Effective Communication

When I was growing up, the thought of communicating with someone in another room was done only one way: by shouting. Cell phones were non-existent, and even walkie-talkies were unavailable. That’s why it was exciting to put empty soup cans at both ends of a long string and talk into the cans. Two rooms away someone could actually hear you. Childhood pals sometimes strung a line between their two homes, cleverly talking well past bedtime.

Another pre-cell-phone way to stay connected with friends was epitomized on TV in a series called “The Goldbergs,” aired in the 1950’s. Molly Goldberg would lean our her apartment window and holler to her neighbor, “Yoo hoo!” and the two would converse across the corner of their building.

Cell phones have eliminated the need for such creative communication, but last week my next-door-neighbor and I harkened back to the old ways. Linda knew Birgitta was going to learn the gender of her unborn baby on Thursday. “Maybe you could put a piece of pink or blue paper in your kitchen window. We’ll look out our bathroom window and discover the news.”

And so after Birgitta opened her tell-tale cookie and realized she was having a girl, we hung a pink paper in the window. When Linda saw it, she taped up a response: a baby picture with a pink bow in her hair.

So who needs cell phones?

Something about this primitive but festive way of communicating was very satisfying. It was creative, free, and lots more fun than calling Linda on the phone. In a way, it reminded me of the creative ways God communicates with us.

Sometimes he makes the words of the Bible leap off the page with personal meaning. At other times he speaks through the mouth of a friend or pastor.
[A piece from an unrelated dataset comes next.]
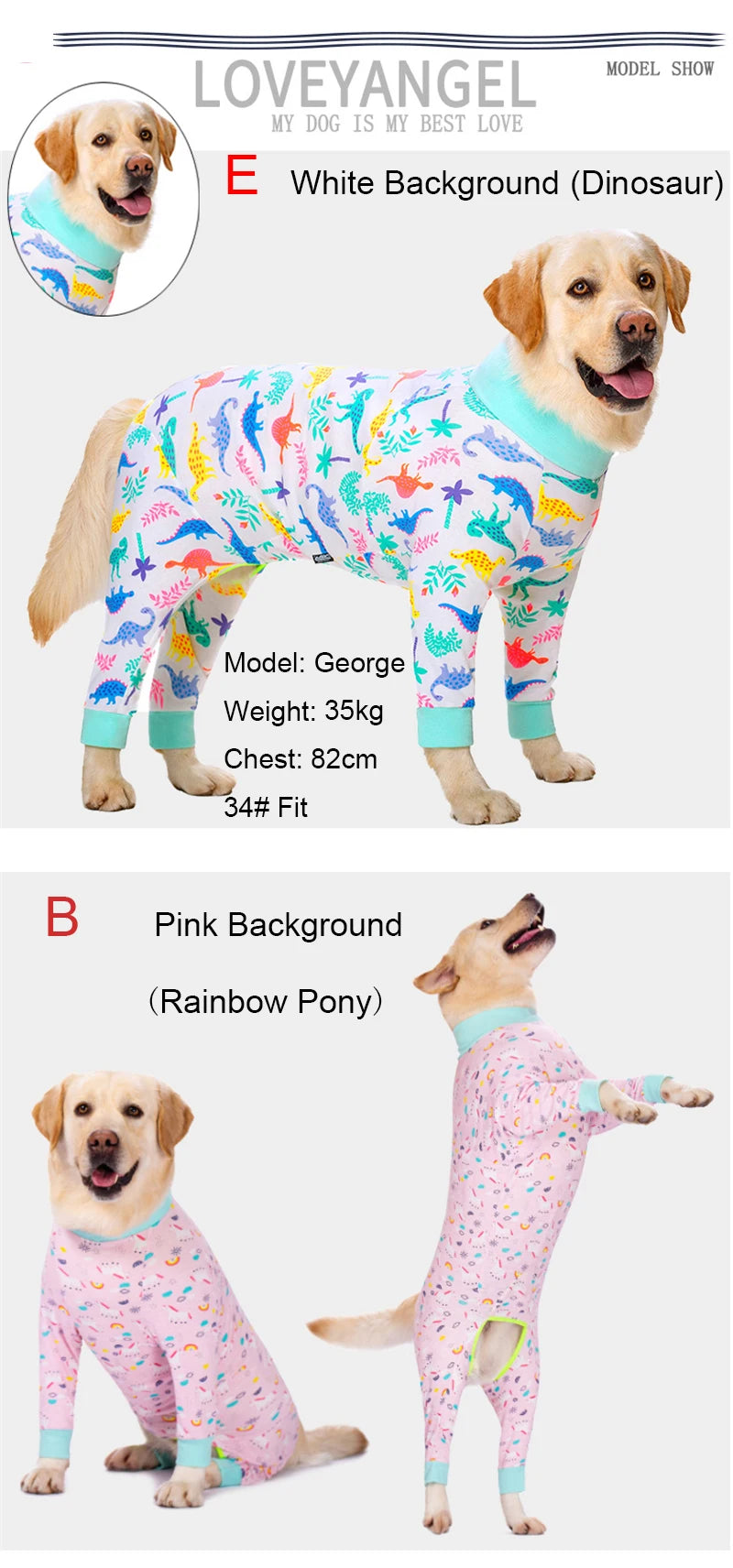 Cartoon Print Cotton Pajamas for Medium and Large Dogs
Then there are our thoughts, which he can shape to lead us to him. Even a potent dream can be used in special ways to influence us for his purposes. Books can also alert us to his messages, and experiences in nature can prompt us to worship him.

Our part is to be sure we’re listening and watching for whatever it is he wants to say. If Linda and I hadn’t remembered to look out our windows, we would’ve missed the happy messages. In the same way, if we race through our days without thinking of what God might be telling us, we could easily miss out.
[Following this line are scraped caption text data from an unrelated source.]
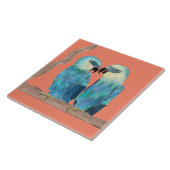 Carreau Macaws de Spix sur un carrelage en céramique - (O) (Côté)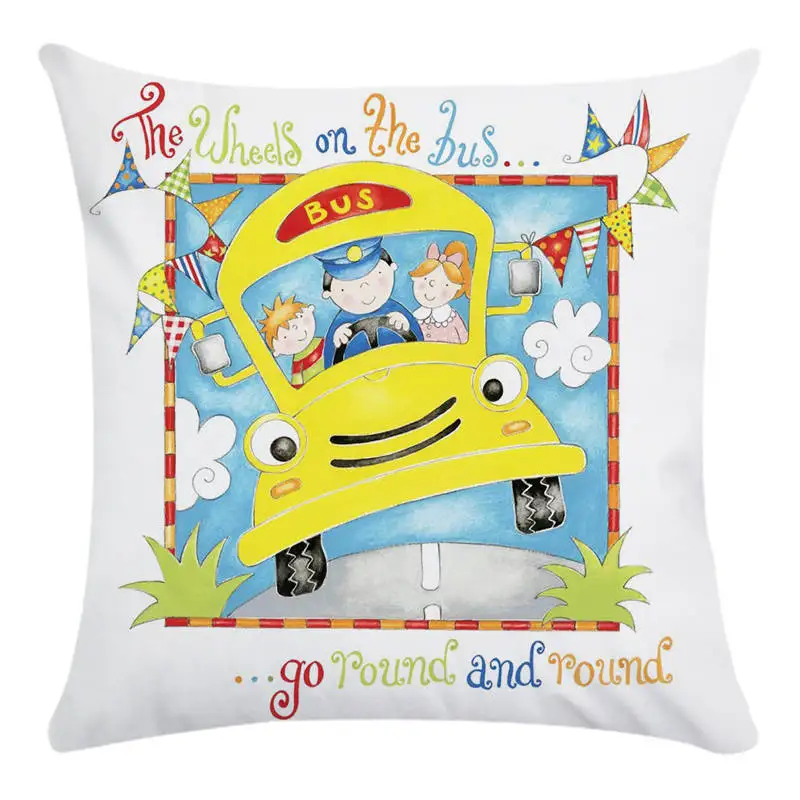 Colorful Cartoon Pattern Driving Car Bus Vintage Almofadas 45X45CM Polyester Pillow Decorative Person Chef Cushion Cover CR085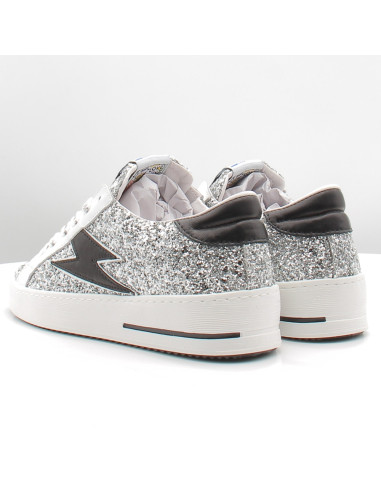 Baskets de Ville Femme SMR23 Maya Argent/Noir à paillettes E456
It’s good to know he’s consistently trying to get through to us and won’t give up trying. And because there’s no end to his creativity, you never know how he might choose to get through. If you pick up a soup can and listen carefully, who knows what you might hear.

“Faith comes from hearing, and hearing through the word of Christ.” (Romans 10:17)

Pink or Blue?

Tonight I attended a party that will always rank in my top 10. It was small (only 4½ guests) but extraordinary. The younger generation would call it a “Gender Reveal,” but the rest of us would just say, “We learned the sex of the baby!”

Since Birgitta’s last doctor appointment 3 weeks ago, we’d been eagerly looking toward today’s ultrasound. They said we’d discover if the baby was a girl or boy, and Birgitta was bursting with anticipation. By the time she was on the table, we were all giggling with expectation.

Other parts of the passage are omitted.